R. Glenn Hubbard and Christopher Mayer are back again: Low-Interest Mortgages Are the Answer.

Here was my response to their previous proposal.

I found this sentence interesting:

"While fundamental factors clearly played a role in driving down house prices that were at excessive levels two years ago ..."
Oh yeah? Well why didn't they say that two or three years ago? Instead, Dr. Mayer wrote in 2005 (with Charles Himmelberg and Todd Sinai) that there was "little evidence of housing bubbles in almost any of the markets we have studied". I disagreed with Dr. Mayer in 2005, and I disagree with him today.

And look at this logic:
[A] 4.5% mortgage rate will raise housing demand significantly. A simple forecast can be obtained by applying the 2003-2004 homeownership rates to 2007 households. We use the 2003-2004 home ownership rates because those were the years of the lowest previous mortgage rates (the average mortgage rate was 5.8%).
Oh my. Yes, rates were lower in the 2003-2004 period, but lending standards were already lax (especially in 2004). Are the authors suggesting a return to the "fog a mirror, get a loan" standards of a few years ago to raise homeownership rates? Bring back the liar loans, NINJAs, DAPs, pick-a-pay lunacy - and yes, maybe a few more people will buy homes. Of course now lenders would also have to ignore recent foreclosures too.
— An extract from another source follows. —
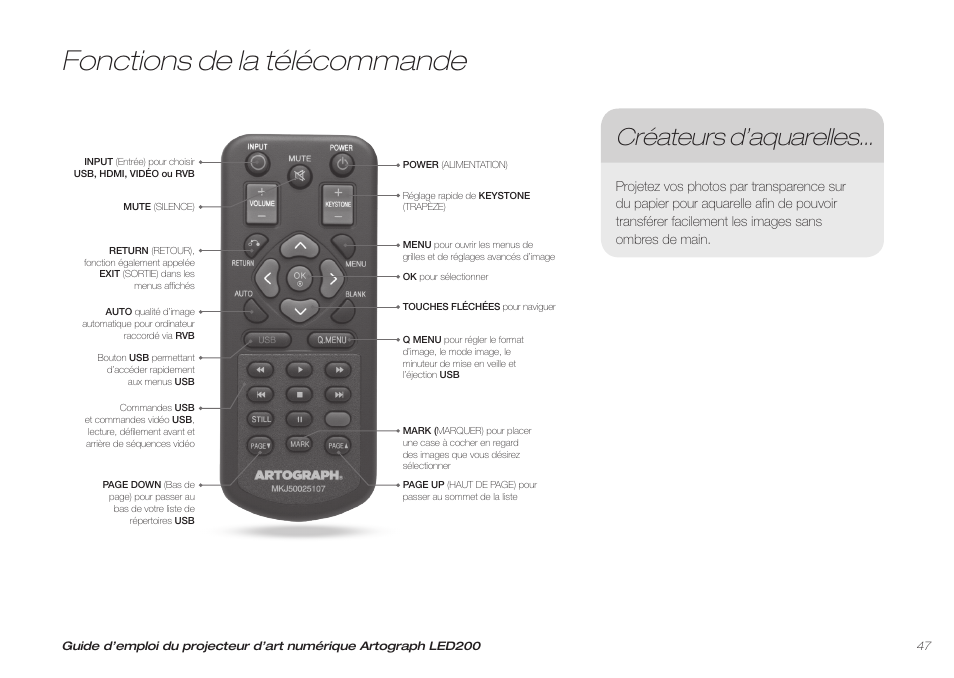 Fonctions de la télécommande, Créateurs d’aquarelles | Artograph LED 200 Owners Manual User Manual | Page 47 / 60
And this brings me to a serious comment. One of the tragedies of the housing bubble was that some people were enticed to buy a home before they were really ready to be homeowners, and others to extend themselves too far. Many of these people are now soured on the wonders of homeownership, and they will not be buyers for an extended period of time. Only the passage of time will salve their wounds. There is nothing anyone can do to convince them to buy right now. I've seen this behavior before in California after previous (and much smaller) bubbles - and I believe we will see it again now. I wonder how this behavior factors into the author's forecast.